Concretely: an H1 with your site or product name; a blockquote (>) with a one-sentence description of what the site is; optional sections (## Pages, ## Guides, ## FAQ) each listing links as `- [title](url): summary`; and plain language throughout — no marketing fluff, written as you'd brief an assistant.
Generating it from your own content
The best llms.txt files are generated from the same data that builds your site, so they never go stale. seo·check does exactly this — its own /llms.txt is built from its article list — and you can do the same with a small route that reads your content model and prints the Markdown.

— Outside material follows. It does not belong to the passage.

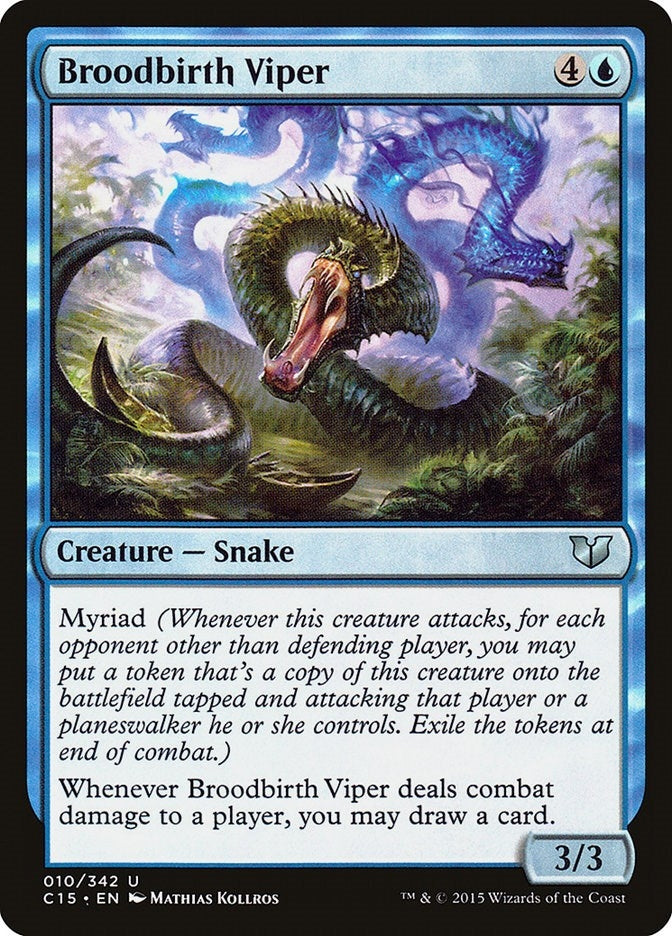 Image for Broodbirth Viper (10) - Magic: The Gathering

Once it's live, run your site through seo·check: it checks for an llms.txt as part of the GEO score, so you can confirm it's discoverable.
frequently asked
- Is llms.txt an official standard?
- It's a community proposal (llmstxt.org), not yet an enforced standard adopted by every engine. But it's low-cost to add, increasingly recognized, and aligns with how engines already prefer clean, summarized content — so it's worth shipping.
- Where do I put the llms.txt file?
- At the root of your domain: https://yoursite.com/llms.txt. Some sites also publish llms-full.txt with expanded content. seo·check checks the root path when scoring your GEO readiness.
- Does llms.txt replace my sitemap.xml?
- No. sitemap.xml is for search-engine indexing and lists every URL; llms.txt is a curated, summarized guide for language models. Ship both — they serve different consumers.